> [Task prompt]:
Answer with a single number: the count of lines below that hold "Photo".

> [Excerpted data]:

▬▬▬▬▬▬

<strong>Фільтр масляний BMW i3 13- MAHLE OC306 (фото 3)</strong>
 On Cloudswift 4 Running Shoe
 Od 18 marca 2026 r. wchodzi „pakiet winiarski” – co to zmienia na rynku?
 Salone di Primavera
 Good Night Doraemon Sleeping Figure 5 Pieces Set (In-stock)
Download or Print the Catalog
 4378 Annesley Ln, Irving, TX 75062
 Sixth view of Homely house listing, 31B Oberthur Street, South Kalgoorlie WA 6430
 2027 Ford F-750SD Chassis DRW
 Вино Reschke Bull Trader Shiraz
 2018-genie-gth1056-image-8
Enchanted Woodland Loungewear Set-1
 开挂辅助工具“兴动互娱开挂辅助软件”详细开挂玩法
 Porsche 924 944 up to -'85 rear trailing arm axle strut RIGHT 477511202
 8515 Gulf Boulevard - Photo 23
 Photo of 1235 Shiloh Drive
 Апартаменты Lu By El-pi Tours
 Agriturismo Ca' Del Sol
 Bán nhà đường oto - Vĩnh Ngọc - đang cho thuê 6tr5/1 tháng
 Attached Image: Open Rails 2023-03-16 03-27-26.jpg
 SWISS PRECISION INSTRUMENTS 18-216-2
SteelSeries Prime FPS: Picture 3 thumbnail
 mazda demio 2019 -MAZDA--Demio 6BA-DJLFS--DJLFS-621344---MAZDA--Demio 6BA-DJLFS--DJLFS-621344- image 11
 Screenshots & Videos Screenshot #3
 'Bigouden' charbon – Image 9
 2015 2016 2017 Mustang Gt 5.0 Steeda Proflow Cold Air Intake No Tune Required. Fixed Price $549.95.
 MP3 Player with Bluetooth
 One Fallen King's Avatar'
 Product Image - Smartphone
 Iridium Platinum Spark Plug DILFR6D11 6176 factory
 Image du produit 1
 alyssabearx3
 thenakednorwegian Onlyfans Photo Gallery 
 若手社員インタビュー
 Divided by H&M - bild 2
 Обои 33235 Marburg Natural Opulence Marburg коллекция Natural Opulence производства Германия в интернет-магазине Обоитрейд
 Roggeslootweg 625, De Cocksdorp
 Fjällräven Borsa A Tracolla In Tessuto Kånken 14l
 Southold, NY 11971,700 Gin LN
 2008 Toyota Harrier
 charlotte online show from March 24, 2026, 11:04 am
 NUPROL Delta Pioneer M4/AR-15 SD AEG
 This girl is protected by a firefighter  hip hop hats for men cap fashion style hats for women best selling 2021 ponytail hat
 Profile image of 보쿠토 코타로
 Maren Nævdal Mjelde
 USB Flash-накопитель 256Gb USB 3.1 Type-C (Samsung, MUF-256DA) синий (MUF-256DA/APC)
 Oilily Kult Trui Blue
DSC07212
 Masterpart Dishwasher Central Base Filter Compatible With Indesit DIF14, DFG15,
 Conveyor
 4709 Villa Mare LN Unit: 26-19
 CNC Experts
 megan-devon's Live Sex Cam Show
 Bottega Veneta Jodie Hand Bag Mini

▬▬▬▬▬▬

> [Answer area]:
3